Closed suntao2012 closed 6 years ago
Regarding fp16/fp32 performance, the single- and dual-block implementations are limited by the time to stream weights into the Streaming Multiprocessor -- fp16 weights are half the size of fp32 weights. The persistent variant, on the other hand, loads all weights into the Streaming Multiprocessor registers so the weight bandwidth is not in the performance-critical path. This is discussed more fully on the blog post at https://devblogs.nvidia.com/nv-wavenet-gpu-speech-synthesis/.
Regarding P100 vs V100: Since this is just batch=1, performance is mostly a function of core clock.
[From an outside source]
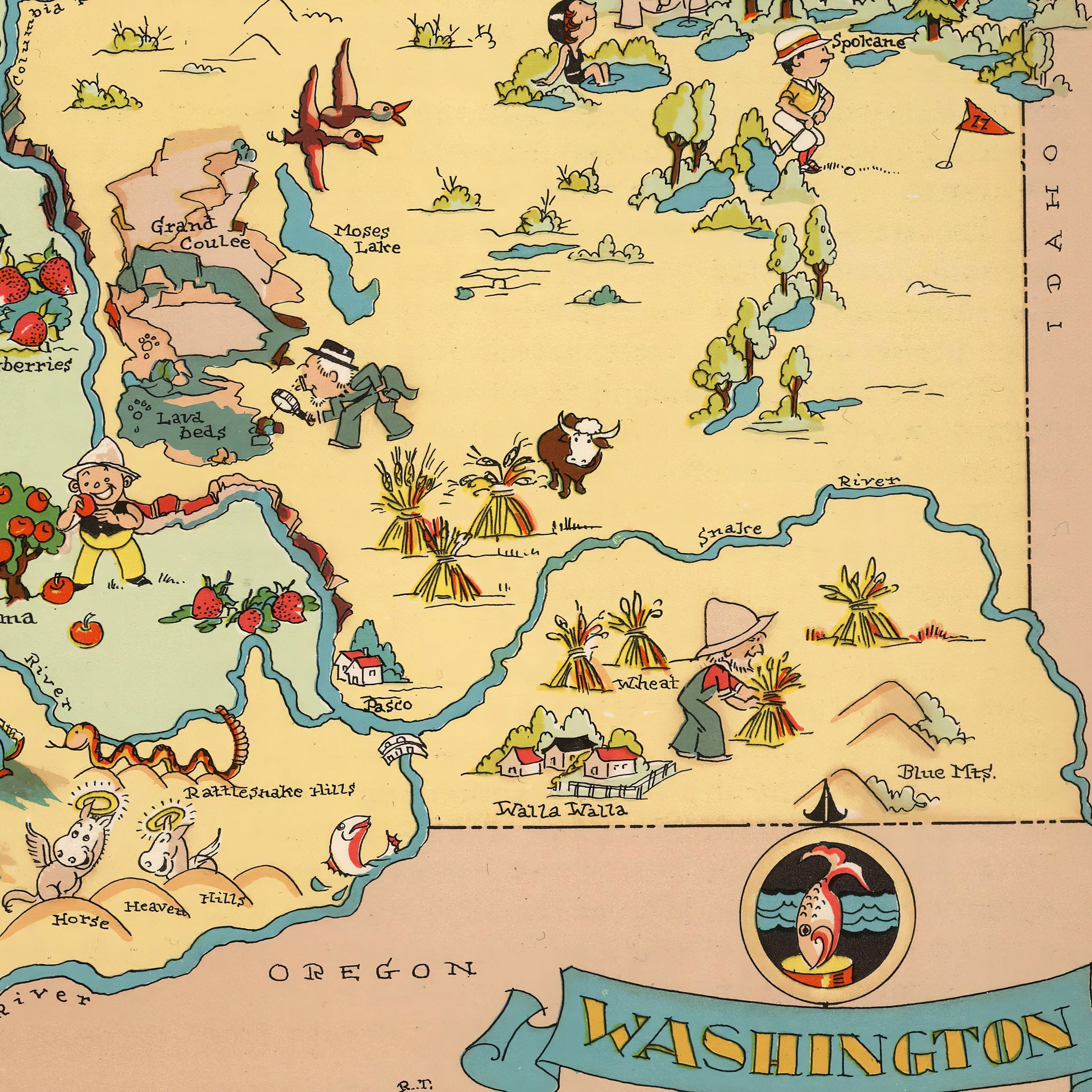 Washington State Map - 1935 Pictorial Journey Through the Evergreen State - Archive Prints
Since your P100 clock is higher than V100, it is expected that it will perform better on a model which fits into both GPUs. Since V100 is larger, it can support larger models in the persistent mode. V100 will also provide higher throughput (batch size) than P100 in the single- and dual-cta modes, as it can run more blocks in parallel.
I have built for pascal/volta with sm_60/sm_70, and it runs well on P100 & V100. but when I set all parameters the same but with different precisions fp16/fp32, but got the similar performance when the mode is PERSISTENT, both on P100 and V100, but it is totally different when set to other mode(SINGLE, DUAL). so, first question is, why does this happened?
second question is, the V100 has enable Tensor Core, Did this souce code use tensor core?
and last question is, the V100 is up to date, so it is supposed to be better, however, the actually performance is close even a little less than P100, so why?